DIRECTIONS FOR THIS TASK => In the records below, reproduce exactly the lines from the one containing "This is my host" through the one containing "I also got one", both included, and omit the pictures.

——

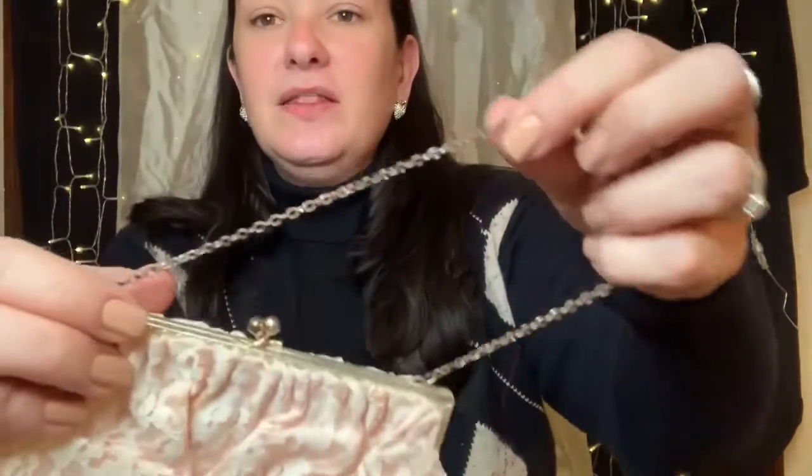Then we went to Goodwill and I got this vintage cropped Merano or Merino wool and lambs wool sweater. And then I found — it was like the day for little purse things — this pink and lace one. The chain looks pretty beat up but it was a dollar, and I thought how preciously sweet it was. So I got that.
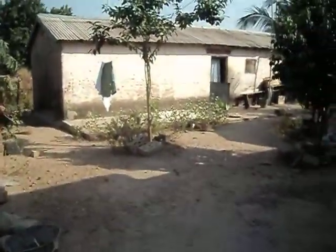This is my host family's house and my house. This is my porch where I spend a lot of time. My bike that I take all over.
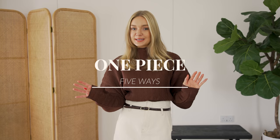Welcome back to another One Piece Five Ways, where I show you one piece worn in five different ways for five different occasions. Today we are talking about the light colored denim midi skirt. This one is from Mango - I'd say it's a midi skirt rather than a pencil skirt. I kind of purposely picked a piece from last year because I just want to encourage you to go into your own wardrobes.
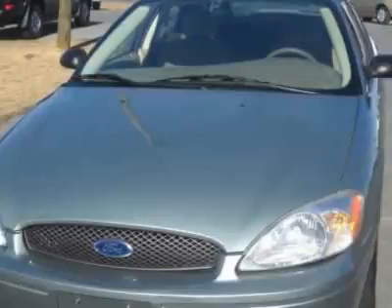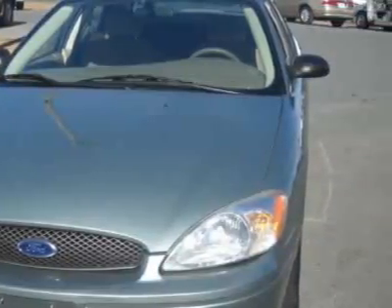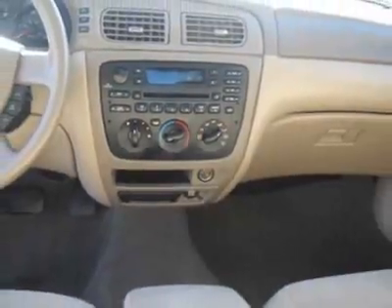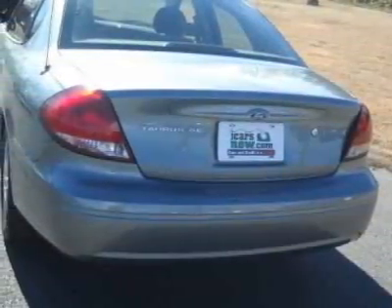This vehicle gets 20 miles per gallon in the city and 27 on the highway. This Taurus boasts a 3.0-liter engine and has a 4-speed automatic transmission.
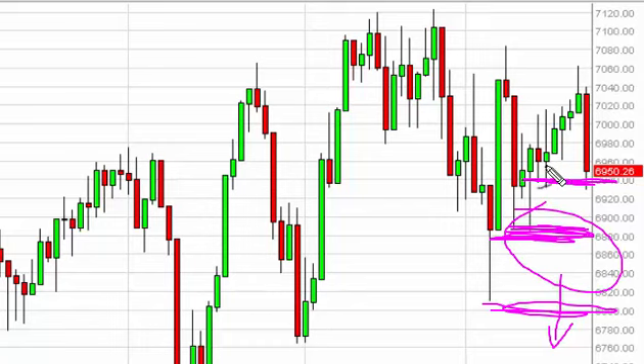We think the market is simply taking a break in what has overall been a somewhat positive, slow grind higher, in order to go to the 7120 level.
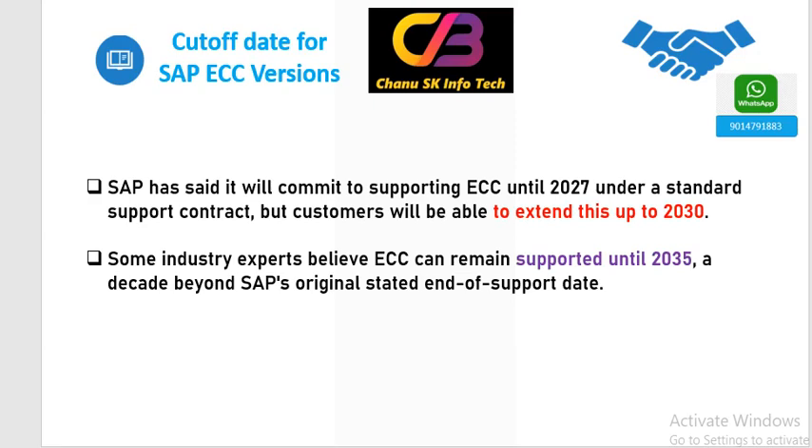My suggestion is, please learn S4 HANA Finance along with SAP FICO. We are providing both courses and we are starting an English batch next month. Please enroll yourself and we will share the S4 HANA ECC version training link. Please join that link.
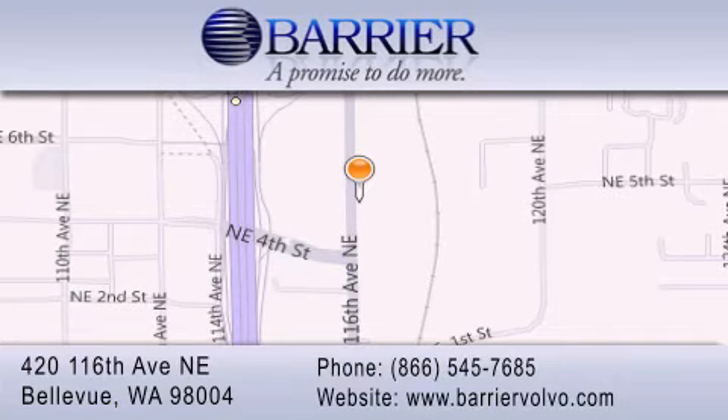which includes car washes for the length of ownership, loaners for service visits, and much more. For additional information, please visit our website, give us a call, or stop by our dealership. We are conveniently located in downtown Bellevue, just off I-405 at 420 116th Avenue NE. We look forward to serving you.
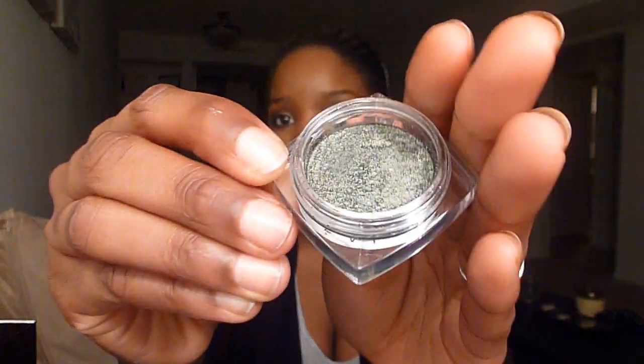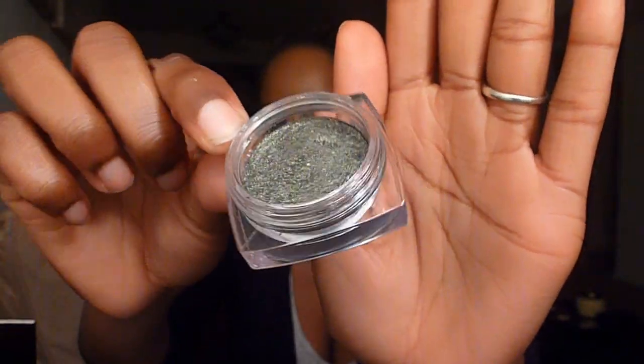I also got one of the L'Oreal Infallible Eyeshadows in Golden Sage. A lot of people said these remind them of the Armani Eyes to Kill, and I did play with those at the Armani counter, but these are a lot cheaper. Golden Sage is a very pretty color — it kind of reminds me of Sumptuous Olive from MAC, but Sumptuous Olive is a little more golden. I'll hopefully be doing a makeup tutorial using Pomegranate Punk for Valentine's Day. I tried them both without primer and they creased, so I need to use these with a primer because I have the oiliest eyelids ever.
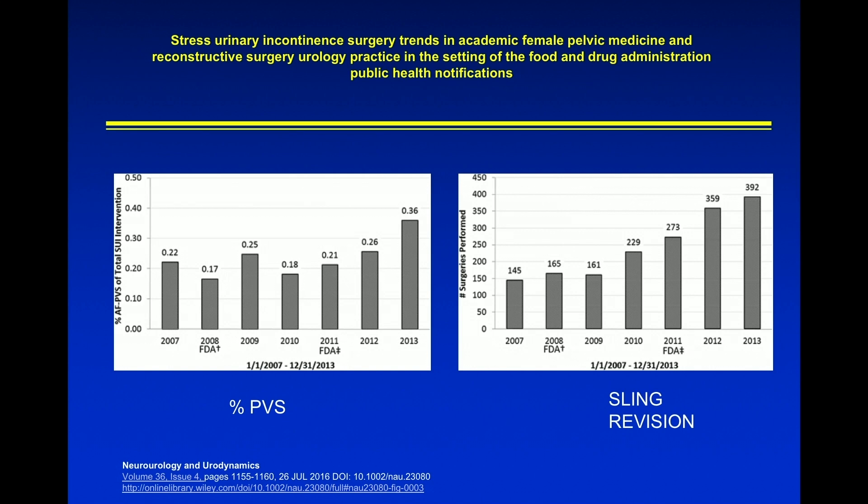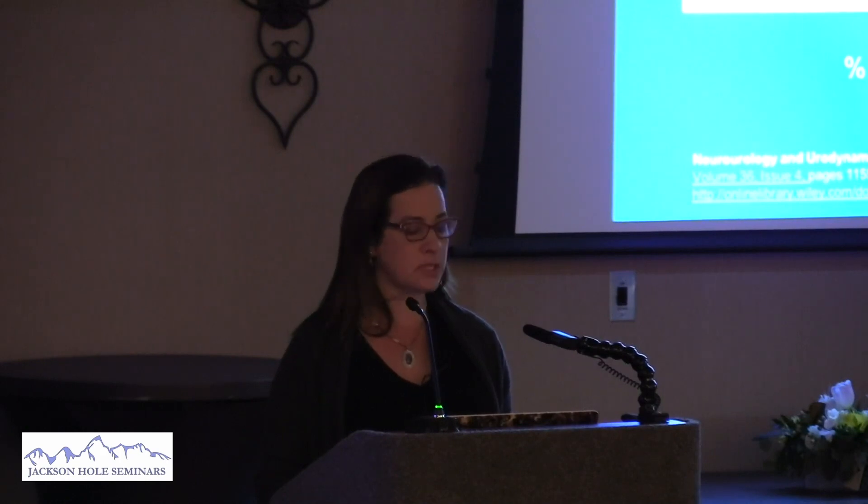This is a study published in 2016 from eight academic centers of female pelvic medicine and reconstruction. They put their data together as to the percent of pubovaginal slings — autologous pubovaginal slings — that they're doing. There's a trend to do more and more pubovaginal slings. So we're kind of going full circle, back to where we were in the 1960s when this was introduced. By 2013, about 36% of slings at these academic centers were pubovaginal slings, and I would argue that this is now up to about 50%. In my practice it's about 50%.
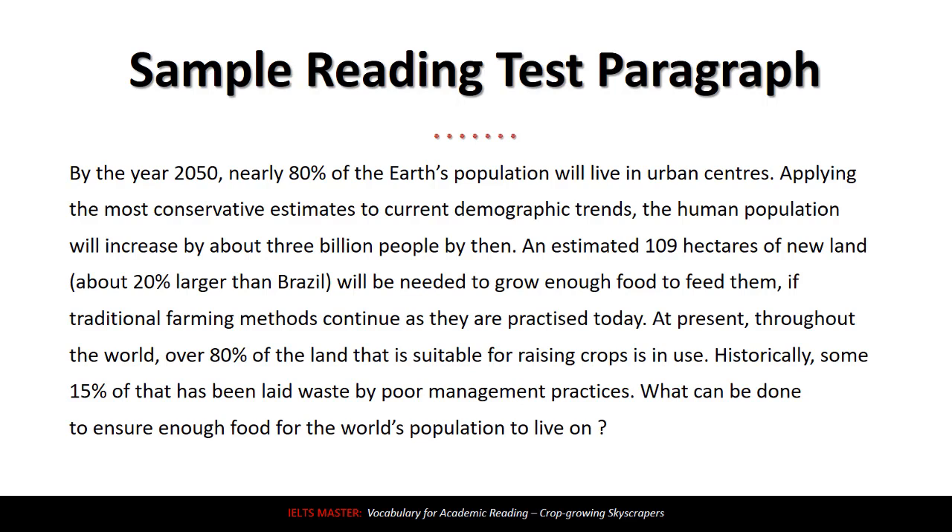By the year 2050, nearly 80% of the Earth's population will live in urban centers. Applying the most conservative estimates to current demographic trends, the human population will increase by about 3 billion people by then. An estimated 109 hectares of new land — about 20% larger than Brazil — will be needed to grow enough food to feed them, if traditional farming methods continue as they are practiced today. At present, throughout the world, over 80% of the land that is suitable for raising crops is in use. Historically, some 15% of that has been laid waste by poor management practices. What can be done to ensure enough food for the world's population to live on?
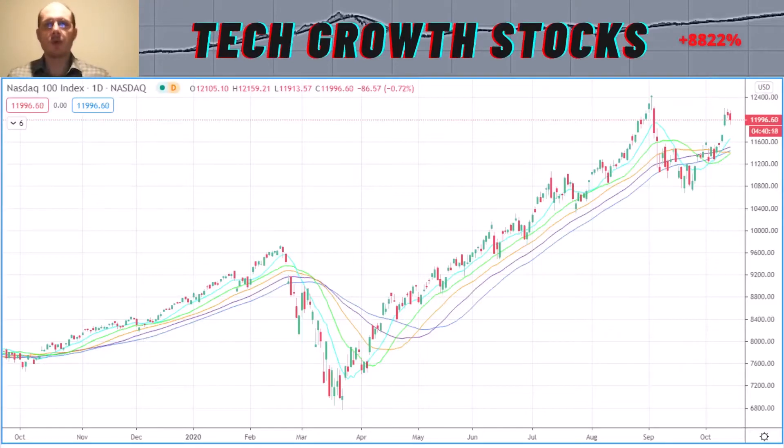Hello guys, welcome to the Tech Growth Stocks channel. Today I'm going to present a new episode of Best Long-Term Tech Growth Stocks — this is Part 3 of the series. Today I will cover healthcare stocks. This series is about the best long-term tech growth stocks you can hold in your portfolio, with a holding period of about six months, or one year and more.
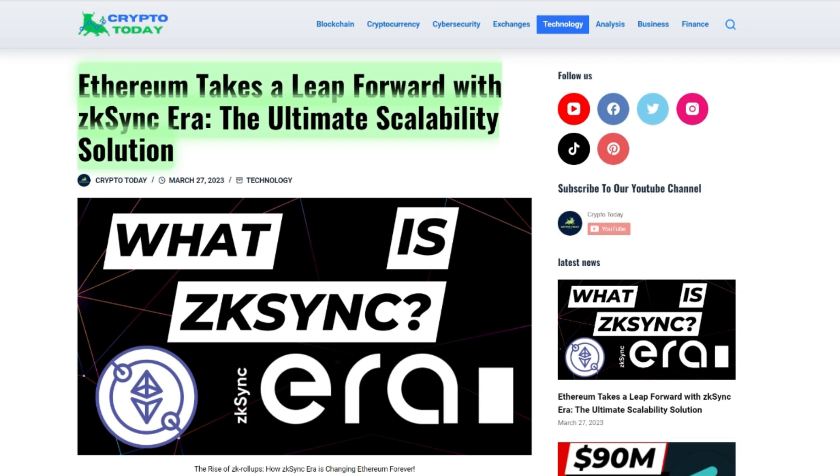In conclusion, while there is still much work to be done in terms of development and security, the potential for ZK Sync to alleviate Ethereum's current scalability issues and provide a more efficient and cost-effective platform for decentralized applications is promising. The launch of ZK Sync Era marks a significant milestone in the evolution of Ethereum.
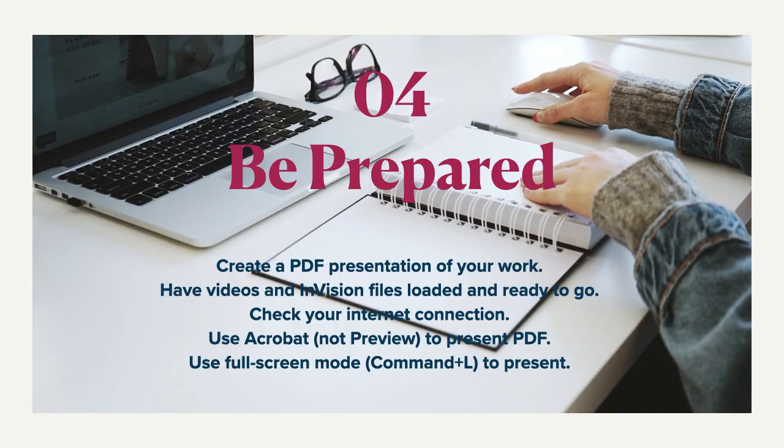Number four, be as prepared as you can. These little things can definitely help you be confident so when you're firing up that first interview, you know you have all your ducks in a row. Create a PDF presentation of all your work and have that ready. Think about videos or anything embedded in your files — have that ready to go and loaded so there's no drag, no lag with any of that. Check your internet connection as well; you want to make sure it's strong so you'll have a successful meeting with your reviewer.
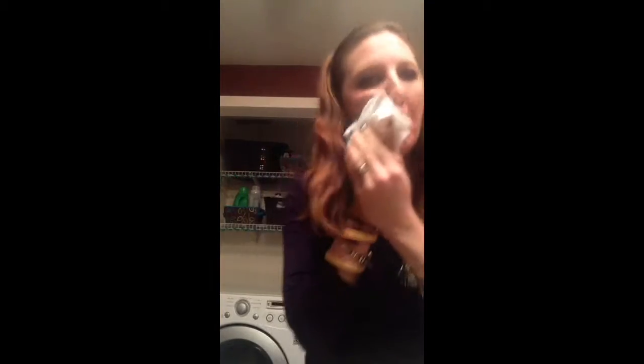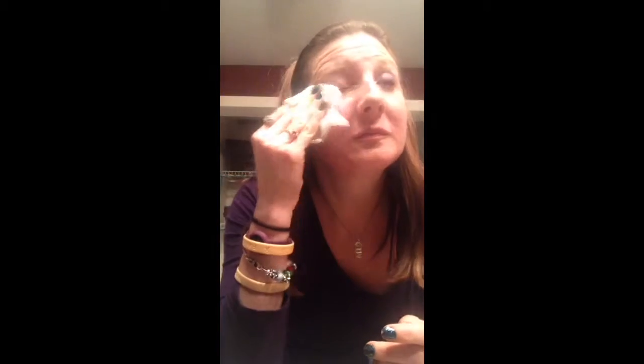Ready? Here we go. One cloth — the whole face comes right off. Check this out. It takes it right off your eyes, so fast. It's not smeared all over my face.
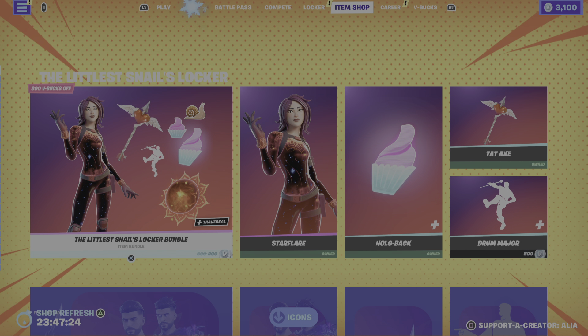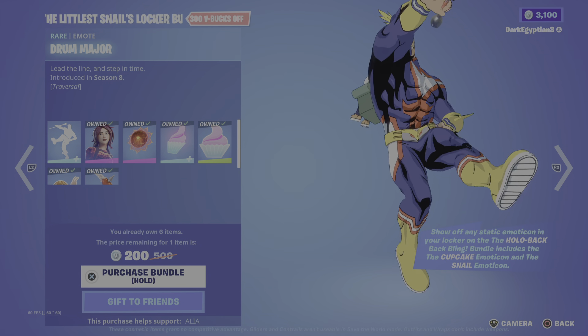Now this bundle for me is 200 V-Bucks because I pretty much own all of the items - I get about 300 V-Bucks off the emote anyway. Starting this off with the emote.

——

EXERCISE RESULT =>
This is my host family's house and my house. This is my porch where I spend a lot of time. My bike that I take all over.
Welcome back to another One Piece Five Ways, where I show you one piece worn in five different ways for five different occasions. Today we are talking about the light colored denim midi skirt. This one is from Mango - I'd say it's a midi skirt rather than a pencil skirt. I kind of purposely picked a piece from last year because I just want to encourage you to go into your own wardrobes.
This vehicle gets 20 miles per gallon in the city and 27 on the highway. This Taurus boasts a 3.0-liter engine and has a 4-speed automatic transmission.
We think the market is simply taking a break in what has overall been a somewhat positive, slow grind higher, in order to go to the 7120 level.
My suggestion is, please learn S4 HANA Finance along with SAP FICO. We are providing both courses and we are starting an English batch next month. Please enroll yourself and we will share the S4 HANA ECC version training link. Please join that link.
which includes car washes for the length of ownership, loaners for service visits, and much more. For additional information, please visit our website, give us a call, or stop by our dealership. We are conveniently located in downtown Bellevue, just off I-405 at 420 116th Avenue NE. We look forward to serving you.
I also got one of the L'Oreal Infallible Eyeshadows in Golden Sage. A lot of people said these remind them of the Armani Eyes to Kill, and I did play with those at the Armani counter, but these are a lot cheaper. Golden Sage is a very pretty color — it kind of reminds me of Sumptuous Olive from MAC, but Sumptuous Olive is a little more golden. I'll hopefully be doing a makeup tutorial using Pomegranate Punk for Valentine's Day. I tried them both without primer and they creased, so I need to use these with a primer because I have the oiliest eyelids ever.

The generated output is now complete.